WASHINGTON — Joshua Langford had a nice game Thursday for Michigan State in the 2017 Big Ten Tournament. Langford did not have one of his better days Friday when the Spartans bowed out.
Langford and his teammates may not have many lifelong memories from these two games in the nation’s capital. They might have some from earlier in the trip, though.
Michigan State’s team went to the National Museum of African American History and Culture on Wednesday, the newest addition to the Smithsonian museum complex on the National Mall.
“It was exciting to me. That’s the heritage for me and also just history. I’m always interested in learning different things,” Langford said. “This basketball thing — right now everybody is down, and everybody is upset. It’s OK to be like that. I am, too. There’s really more to life than basketball. Basketball is really just a platform from God to go different places and show people how to live the right way. It was exciting to be there and get to be a student of history.
“Everything that I saw was great. I really want to go back. It was only like an hour. It was almost like a tease, really.”
The Spartans arrived Wednesday in Washington and had time while preparing to play Thursday to check out one of the toughest places to get into in this city. There has been a huge demand for timed-entry tickets to the museum, which opened in September.

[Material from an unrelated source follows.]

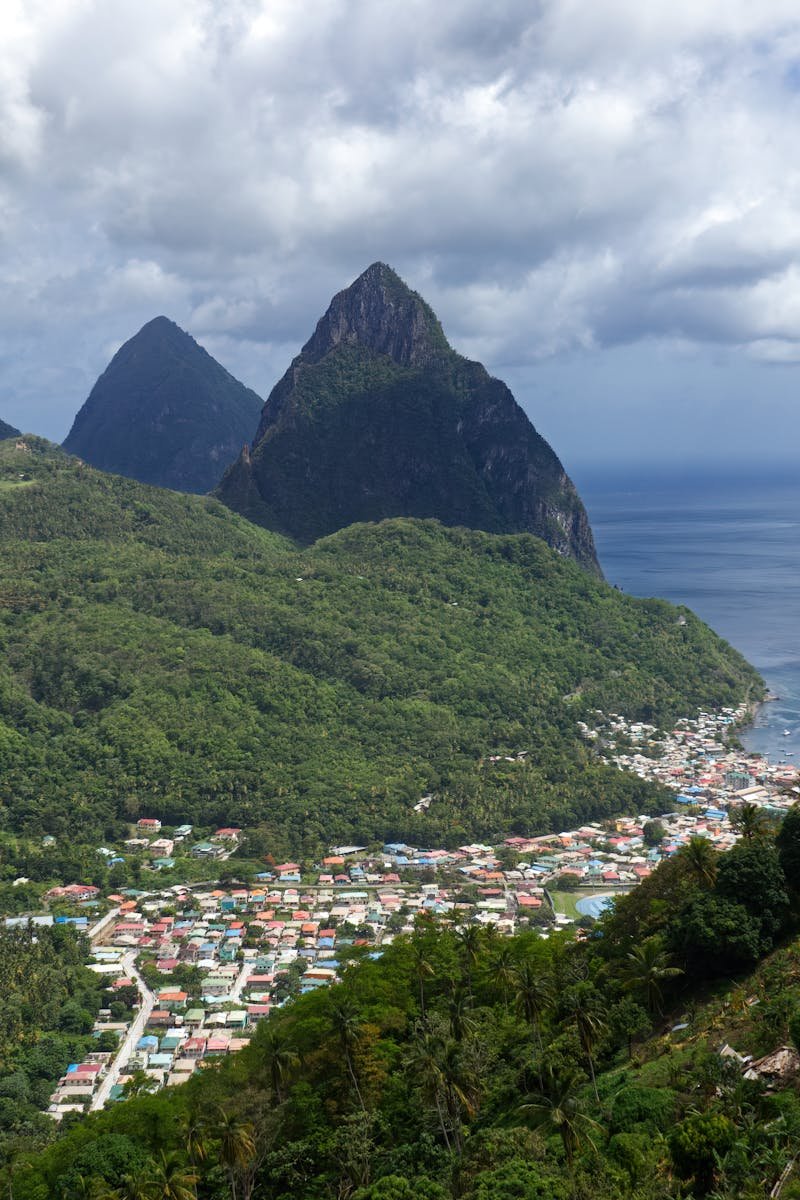 Discover the lush green landscapes and iconic Pitons of Soufriere, Saint Lucia from above.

“We had told the coaches earlier that day that we really wanted to go. It could be a once-in-a-lifetime thing,” senior Alvin Ellis III said. “We heard the waiting list can be like six months, but we were able to get in there for that experience even for a little bit.

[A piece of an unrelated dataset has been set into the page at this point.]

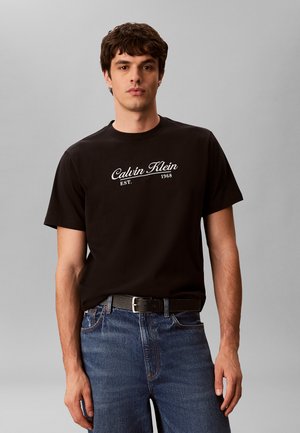 Młody mężczyzna ubrany w czarną koszulkę Calvin Klein z białym logo, niebieskie dżinsy i czarny pasek, stoi na jednolitym szarym tle.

“A lot of us just wanted to see all of the history, all the facts that we didn’t know anything about. We didn’t have enough time, but it was a great, great experience.”
This is the first time the Big Ten has staged the conference tournament in Washington, an East Coast city far away from traditional hosts Indianapolis and Chicago and the heart of Big Ten country. A quick field trip like this was enough to make Michigan State coach Tom Izzo a fan of the idea.
“I wish I had more time,” Izzo said. “I did do something. I got my players in the African-American museum. That was only two hours. That was like the most awesome thing you could do. I wish we had more time to go do some of those things. Two hours was like, you got in the front door. But it was still good. It was good for them.”
There are a variety of exhibits at the museum, but many players gravitated to a few specific areas in the brief time they had inside. Some of the memorabilia in the sports exhibition includes a bat used by Willie Mays and tennis rackets used by Althea Gibson. There are boxing gloves signed by Cassius Clay, who later changed his name to Muhammad Ali.
Michigan State point guard Cassius Winston was not specifically named after Clay, but this was another opportunity for Winston to see more about the most famous man with his name.
“I’d say the sports exhibit on the top,” Winston said when asked about his favorite part. “To see the history of the sports and see the first people to do things and make landmarks that started it for all us. That was great.”
A few players said it was tough to choose what their favorite part of the museum was. Ellis mentioned a Michael Jackson jacket and other memorabilia from famous African-American musical artists. Junior point guard Lourawls “Tum Tum” Nairn Jr. called the trip “another way for us to grow as a team.”
Langford knew right away what will stick with him.
“Nat Turner’s Bible. It was his actual Bible,” Langford said. “I learned that they didn’t want him to be remembered, so what they did … after they killed him, they burned him all the way to ashes. The only thing that was left was his Bible. I thought it was just great to see something so important that he carried from so long ago.
“I’m always cognizant that there is more to life than basketball, but I also have great people around me to remind me. This was a great reminder of that. A lot of times, you forget about the things that people went through for you to be able to be in this position today. Being there made me more thankful of the people who came before me and allowed me to be in this position to play basketball and do different things they may not have gotten to do back then.”